Mule Breath... said...

It is the Law of Randomness in nature. One may not know beforehand if an outcome is pre-deterministic or random.

When observing random phenomenon it is always possible to suggest an underlying principle or law, but would we be correct?

The randomness in this particular case is pseudo-randomness caused by a chaotic system, with slightly different starting parameters and a whole range of seemingly random outcomes.

Furthermore, there are always some underlying randomness in regard to the starting points and the fact that these characters remained 12-years old for forty years has skewed the findings.

In this case, Schroeder turned out to be gay and Patti a lezzy. The LRHG had a thing for younger men and ran off with Linus while CB was trying to retrieve a kite from a tree. Lucy, being a pragmatist and seeing her choice was either Pig Pen or CB, took the path of least resistance. Pig Pen got a job as an accountant for Enron and is now serving 7 to 12 in minimum security at Segoville.

Ever see those Classmates banner ads? "He married her? And they had 7 kids?" Good grief!

Wai said...

Mule Breath,

Yes, I am a "Mr."

I don't own any Berettas as they are crap. I do have a Sig and two Kimbers.

Rogue Medic,

In the original post, Lucy went to get a replacement bulb and it worked when she replaced it. Ergo, there was electricity to the lamp. We were debating whether or not the light switch was working properly the first time she pulled the cord to turn on the light, before she proceeded to get a new bulb after the lamp failed to turn on, hence this entire debate. I simply posited that the switch may have been faulty, which it was not. So we ran with that.

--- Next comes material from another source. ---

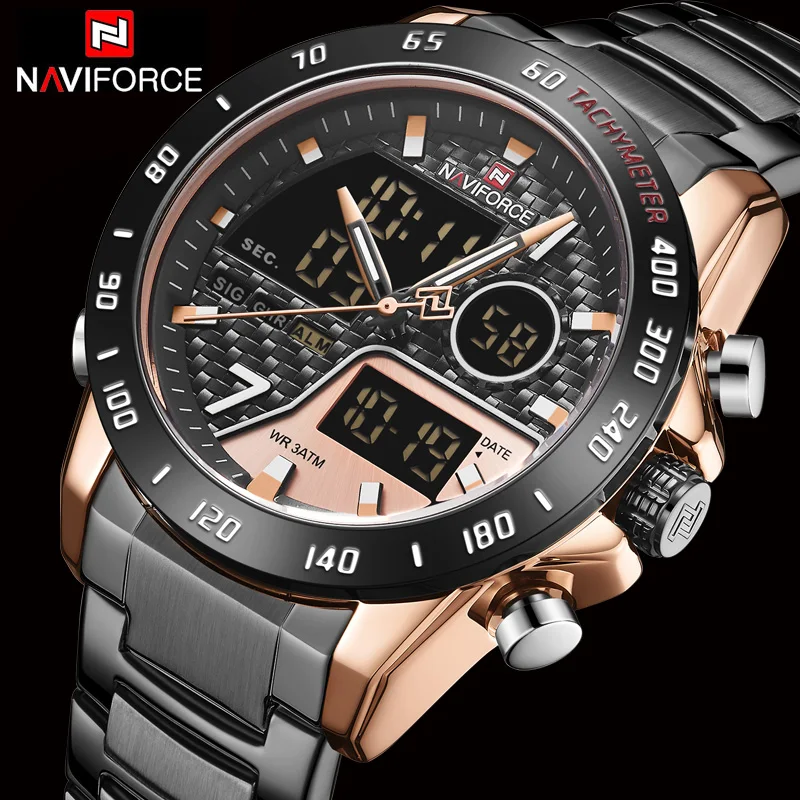 NAVIFORCE мужские часы новые модные полностью Стальные кварцевые наручные для мужчин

I still fail to see the logic that if you have to jerk the chain several times in order for the switch to make contact, how then is the switch not faulty?

Anyway...

Peppermint Patty isn't the stalker; Marcy is. She is secretly in love with Chuck, whereas PP practically throws herself at him.

Rogue Medic said...

Wai,

I have owned several lights of this type. Some required multiple pulls to get them to work. So, I view this as a design problem and that is normal to check this first. I am not the one who purchased them and I see no appeal in the design.

If after replacing the bulb and the bulb still failed to turn on, one can only follow two courses of action: 1) try another bulb or, 2) jerk the chain and see if the light comes on.

My post was explaining that I disagree that those would be the only 2 options. Lucy would stop where she did, because she was successful. Stopping when successful is why people seem to find their keys in the last place they look. A frustration that I do not understand. Of course they stop looking once they find their keys, but this seems to mystify some.

If she had not been successful, then the other options are still possible.

I had forgotten about Marcy. Got to watch out for those quiet one - especially in the movie of the week or a slasher flick.

Farmgirl said...

....... Wow. I feel like I just fell head first into a barrel full of hypotheses. And half-drowned.

This is highly entertaining. Ya'll just don't mind me and my countryfied comments once in a while... I'll be stickin around to watch.

jeg43 said...

Charlie Brown is an idiot. Lucy is a bitch. Pig Pen is innocent - he got sent up because of his grooming habits - and I don't care about the rest of them.